Further, since the switch of Patent Document 1 has a construction
wherein a metal-to-metal connection is formed by driving an
electrostatic-type actuator with one driving electrode and one
control signal to press the contact in one axial direction, a large
contact force, that is, a large driving voltage is needed to obtain
the mechanical cleaning effect.
[0013] The present invention was made in view of the
above-described situation, and the object of the present invention
is to provide a MEMS switch which can make a highly reliable
contact.
Means to Solve the Problem
[0014] The present invention provides a MEMS switch including:
[0015] a movable electrode, [0016] a signal electrode which is
separated from and opposed to the movable electrode, and [0017] a
counter electrode which is separated from and opposed to the
movable electrode, wherein, [0018] an electrical contact can be
made between the movable electrode and the signal electrode by
electrostatic force generated between the movable electrode and the
counter electrode, [0019] an electrical voltage for generating the
electrostatic force between the movable electrode and the counter
electrode is to be applied to one of the movable electrode and the
counter electrode, [0020] the electrode to which the electrical
voltage is to be applied is divided into two or more separate
electrodes, [0021] the electrical voltage is applied to the
respective-separate electrodes with a time difference.
[0022] The MEMS switch of the present invention is characterized in
that one of the movable electrode and the counter electrode between
which and the movable electrode the electrostatic force is
generated is divided into two or more separate electrodes and the
voltage is applied to the separate electrodes with a time
difference. Such application of the voltage is possible by
inputting the control signals to the respective separate electrodes
independently. The time difference in the application of the
voltage enables the movable electrode to slide upon the formation
of the contact between the movable electrode and the signal
electrode, whereby the mechanical cleaning effect is obtained and
the stabilization of the contact formation can be achieved in the
repeated operations.
[0023] Therefore, the MEMS switch of the present invention can
realize the formation of the highly reliable contact which makes
the low contact resistance and the low insertion loss at a low
driving voltage.
[0024] The voltage is preferably applied to the separate electrodes
with the time difference approximately equal to a response time of
the switch. Higher mechanical cleaning effect can be obtained by
making the time difference approximately equal to the response time
of the switch.
[0025] In the MEMS switch of the present invention, the separate
electrodes are preferably placed symmetrically about the electrical
contact. Such arrangement gives higher mechanical cleaning
effect.
[0026] In the MEMS switch of the present invention, when the
movable electrode is the first electrode and the signal electrode
is the second electrode, it is preferable that the counter
electrode is divided into two separate electrodes to form a third
electrode and a fourth electrode. The division of the counter
electrode enables easier circuit design and easier production
compared to the division of the movable electrode.
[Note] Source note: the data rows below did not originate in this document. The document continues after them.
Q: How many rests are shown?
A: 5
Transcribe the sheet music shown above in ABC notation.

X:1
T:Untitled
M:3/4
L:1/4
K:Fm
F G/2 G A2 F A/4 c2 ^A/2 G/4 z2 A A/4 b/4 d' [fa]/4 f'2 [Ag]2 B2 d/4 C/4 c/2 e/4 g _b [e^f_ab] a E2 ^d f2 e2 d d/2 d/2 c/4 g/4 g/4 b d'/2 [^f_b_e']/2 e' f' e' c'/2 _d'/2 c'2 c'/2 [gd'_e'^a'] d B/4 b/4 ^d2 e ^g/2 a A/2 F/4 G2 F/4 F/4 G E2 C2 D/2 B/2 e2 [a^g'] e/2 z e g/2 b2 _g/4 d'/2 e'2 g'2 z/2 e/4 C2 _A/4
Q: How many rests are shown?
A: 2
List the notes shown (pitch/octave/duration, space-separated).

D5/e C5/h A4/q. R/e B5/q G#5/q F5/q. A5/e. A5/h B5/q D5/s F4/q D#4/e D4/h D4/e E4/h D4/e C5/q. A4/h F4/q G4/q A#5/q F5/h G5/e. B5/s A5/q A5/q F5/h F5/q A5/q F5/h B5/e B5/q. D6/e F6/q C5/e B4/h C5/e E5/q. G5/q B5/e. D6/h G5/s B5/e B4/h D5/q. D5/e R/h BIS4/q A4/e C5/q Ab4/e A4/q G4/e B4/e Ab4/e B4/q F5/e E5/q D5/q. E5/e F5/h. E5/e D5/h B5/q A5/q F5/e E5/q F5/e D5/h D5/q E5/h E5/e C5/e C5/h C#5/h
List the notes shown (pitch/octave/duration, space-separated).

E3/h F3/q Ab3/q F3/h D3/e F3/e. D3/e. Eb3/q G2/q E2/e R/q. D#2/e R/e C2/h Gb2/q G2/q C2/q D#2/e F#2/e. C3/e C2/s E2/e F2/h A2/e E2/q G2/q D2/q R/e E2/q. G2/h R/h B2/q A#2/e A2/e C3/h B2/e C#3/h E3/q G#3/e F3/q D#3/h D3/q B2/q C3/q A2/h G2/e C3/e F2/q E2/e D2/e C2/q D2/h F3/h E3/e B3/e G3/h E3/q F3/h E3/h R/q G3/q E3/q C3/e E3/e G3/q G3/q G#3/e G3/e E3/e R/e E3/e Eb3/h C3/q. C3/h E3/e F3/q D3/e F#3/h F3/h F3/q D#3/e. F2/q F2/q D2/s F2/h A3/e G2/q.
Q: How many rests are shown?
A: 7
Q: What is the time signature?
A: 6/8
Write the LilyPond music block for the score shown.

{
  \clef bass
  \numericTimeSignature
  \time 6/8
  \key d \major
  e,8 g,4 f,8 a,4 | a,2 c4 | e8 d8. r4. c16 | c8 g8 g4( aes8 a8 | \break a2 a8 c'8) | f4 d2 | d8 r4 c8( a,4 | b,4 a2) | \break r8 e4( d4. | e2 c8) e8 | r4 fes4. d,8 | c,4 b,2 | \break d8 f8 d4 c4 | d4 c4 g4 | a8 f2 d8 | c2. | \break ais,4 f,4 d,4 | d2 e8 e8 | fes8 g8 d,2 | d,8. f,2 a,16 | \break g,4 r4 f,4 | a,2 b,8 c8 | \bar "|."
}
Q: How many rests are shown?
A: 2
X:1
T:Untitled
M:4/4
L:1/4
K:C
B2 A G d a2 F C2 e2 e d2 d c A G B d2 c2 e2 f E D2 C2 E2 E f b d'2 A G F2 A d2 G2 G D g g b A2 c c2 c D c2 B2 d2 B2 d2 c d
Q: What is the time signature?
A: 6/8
Further, the
division of the counter electrode into two separate electrodes
makes it easy to arrange the electrode to which the voltage is
applied with the time difference such that the electrode is
symmetrical about the electrical contact.
[0027] In the MEMS switch which includes the third electrode and
the fourth electrode, the bump which can form the contact between
the first electrode and the third electrode and/or the fourth
electrode is preferably provided on one or more electrodes selected
from the first electrode, the third electrode and the fourth
electrode. When the electrical contact is made between the first
electrode and the second electrode, the gap is formed between the
first electrode and the third electrode and/or the fourth electrode
due to the presence of the bump. For this reason, high contact
force can be maintained by, in addition to the spring force of the
first electrode, the electrostatic force which acts between the
first electrode and the third electrode and/or the fourth
electrode, after the first electrode and the second electrode
contact electrically.
[0028] The number and the position of the bump are preferably
selected such that the first electrode and the third electrode
and/or the fourth electrode are not contacted each other directly,
when the electrical contact is made. Thereby, the region of the gap
can be increased. As a result, the electrostatic capacitance can be
increased to increase the electrostatic force which contributes to
the retention of the electrical contact when the first electrode
and the second electrode contact with each other.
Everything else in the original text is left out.